Fino al 28 maggio è in corso a Milano, presso la galleria L.U.P.O. diretta da Massimiliano Lorenzelli, la mostra (((8))) dell’artista multimediale Edoardo Caimi. Classe 1989, Caimi, attivo tra Milano e Lodi, da anni presente nel panorama dell’arte contemporanea, negli ultimi anni ha esposto le sue opere in occasione di varie mostre, collettive e personali, sia in Italia che all’estero.

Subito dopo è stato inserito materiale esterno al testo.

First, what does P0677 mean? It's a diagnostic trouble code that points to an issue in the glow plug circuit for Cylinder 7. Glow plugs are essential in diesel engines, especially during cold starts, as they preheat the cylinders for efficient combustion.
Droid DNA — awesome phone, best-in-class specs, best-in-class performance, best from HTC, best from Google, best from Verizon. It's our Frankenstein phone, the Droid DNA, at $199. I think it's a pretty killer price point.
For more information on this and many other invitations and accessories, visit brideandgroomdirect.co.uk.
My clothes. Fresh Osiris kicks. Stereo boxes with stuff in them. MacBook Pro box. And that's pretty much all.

Fin dagli esordi, la sua pratica artistica si è incentrata sulla figura del sopravvissuto: combinando materiali ricavati dalla natura – sul pavimento degli spazi di Corso Buenos Aires sono disseminati alcuni mandarini carbonizzati che, in alcuni casi, diventano anche parte integrante di installazioni presentate in mostra – con oggetti creati dall’uomo – tra gli altri, quattro forconi abbandonati che, come un ready-made, vengono composti insieme per costruire figure totemiche –, Caimi realizza opere post-apocalittiche che sembrano appartenere a una realtà da day after.

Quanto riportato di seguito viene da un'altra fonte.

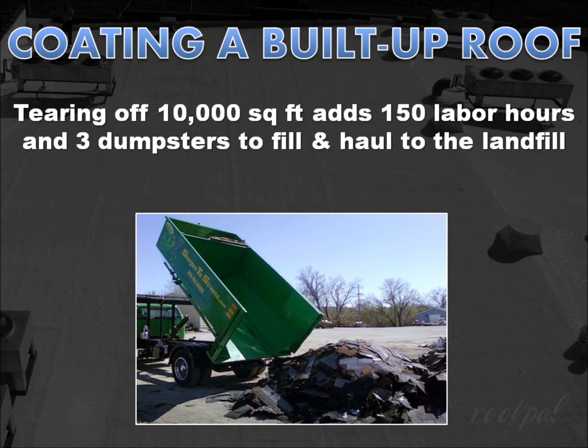What are your options? You could tear off the existing roof and install a brand-new built-up roof system. On a 10,000-square-foot commercial building, the tear-off alone could add 150 additional labor hours, as well as the cost of renting three dumpsters to fill and haul to the local landfill, not to mention the cost of materials and installation of a new built-up roofing system.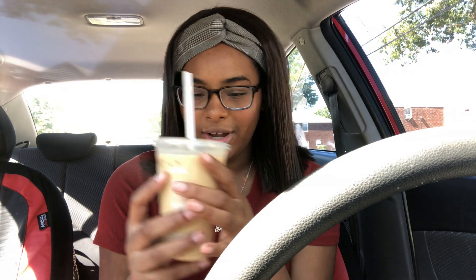McDonald's doesn't label their cups, so I'm not sure which flavor I'm drinking first. At both places I got a small vanilla iced coffee and a small hazelnut iced coffee, both with cream and sugar — no further instructions. I kept it standard because I wasn't sure if McDonald's had milk alternatives and didn't want that to affect the comparison.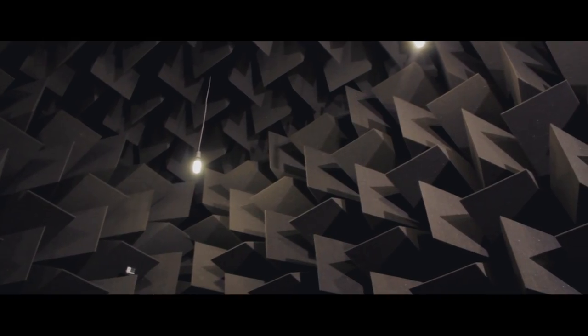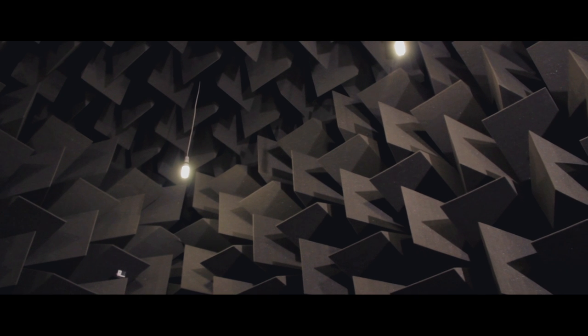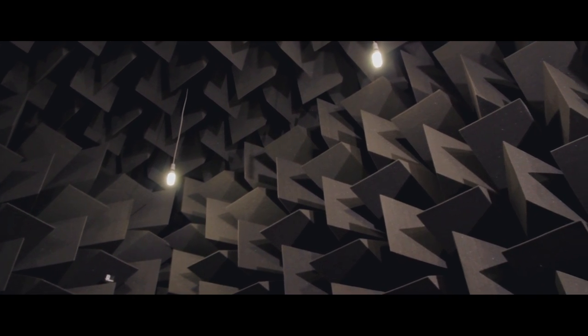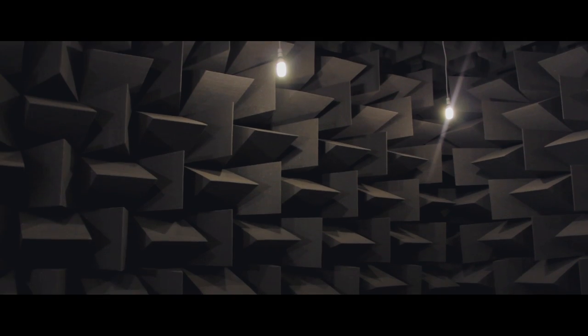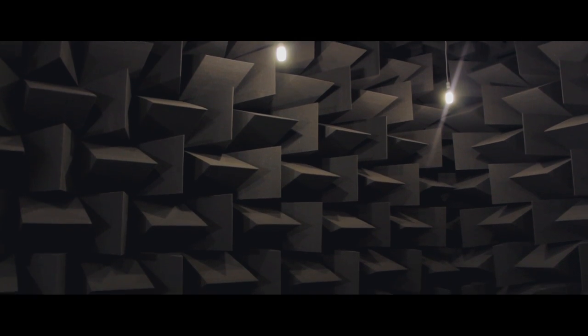There are two main important attributes to the anechoic chamber. One is that it's very, very quiet. It's also, as the name suggests, anechoic — that's what all these wedges are for inside the chamber. They're for stopping sound bouncing around the room, so when we produce a sound in the anechoic chamber, it hits the wedges and stops. It doesn't reflect back, so that means anechoic: without echoes.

Sembrano provenire da un futuro distopico, per esempio, Visione 1 (luce alta) e Visione 1 (eclissi) (2021), realizzate con argilla, che, applicata su legno carbonizzato e colorata con pittura spray, crea una sorta di visione aerea di una palude inaridita. Cambiamento climatico o distruzione planetaria? Questi paesaggi spogli e desolati, incrostati di scorie e incorniciati da lembi di pelle sintetica, si pongono come scenario che reca le tracce di presenze umane oggi scomparse.
I superstiti e la natura
Le poche figure che abitano questo panorama desolato, simili a sacerdoti, o forse a rabdomanti in cerca d’acqua, in realtà non sono nient’altro che macchine: Drone divinorum (2022) ne mette in scena tre, fatte di ferro e vestite con sacchi di juta. La loro natura oltre che materica è sonora: alcuni subwoofer, posti a completamento delle sculture, sintetizzano i rumori di “fenomeni” ormai estinti nella sua visione del reale, ovvero la pioggia, il vento, le campane. Il diffondersi di questi suoni nello spazio, secondo onde acustiche che si rincorrono all’infinito, rimanda al titolo stesso della mostra milanese, (((8))).

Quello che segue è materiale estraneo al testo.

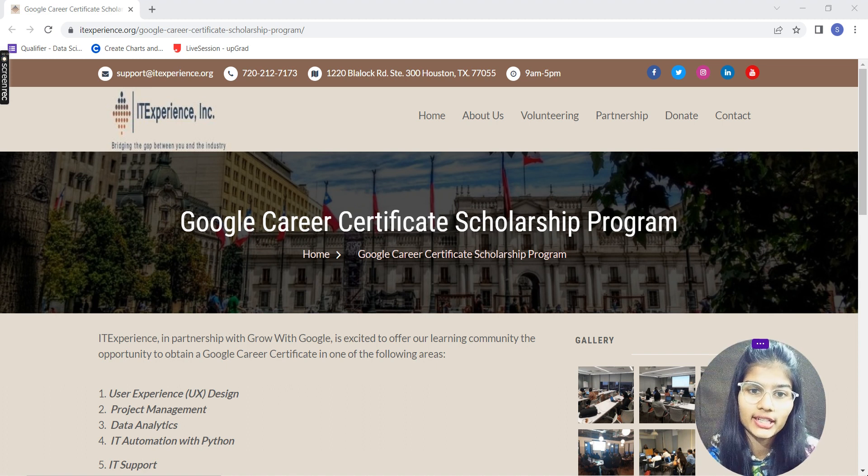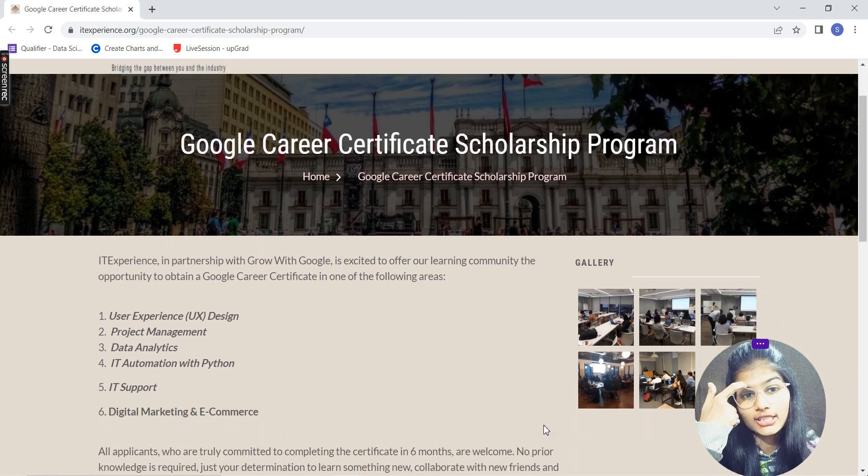The name for this particular program is the Google Career Certificate Scholarship Program. This is completely run by Google, which is providing a career certificate scholarship program. Your IT Experience is partnering up with Grow with Google (GWG) and they are offering their learning community an opportunity to obtain a Google Career Certificate in any of the following areas: UX Design, Project Management, Data Analytics, IT Automation with Python, IT Support, or Digital Marketing and E-Commerce.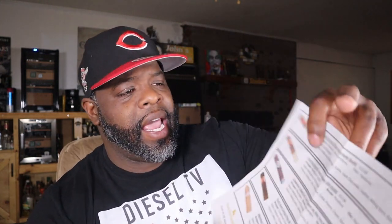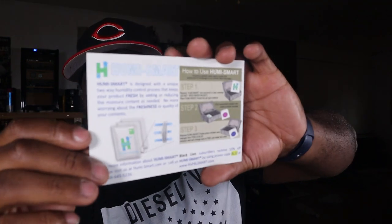The pamphlet gives you a generic description — it doesn't give a full breakdown like some other clubs, but it does tell you how much each stick is worth. They also include a Humi Smart card, which is basically like a Boveda pack — that's what the Humi Smart is.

La natura, in cui Caimi è cresciuto, occupa la restante parte della mostra, seppur declinata secondo gli stilemi post-apocalittici tipici dell’artista: fiori di cemento – Fiore (2022) – sono accostati ad alberi – Arbor (2021) – e ad insetti – Ragno (2021) – composti con mandarini carbonizzati. Incubo a occhi aperti, o destino inevitabile? Lo spettro che abita le opere di Caimi, non si esprime se non con la voce del vento e della pioggia che proviene dai subwoofer, forse per ricordarci che senza di queste non c’è futuro possibile, come racconta No future (2019).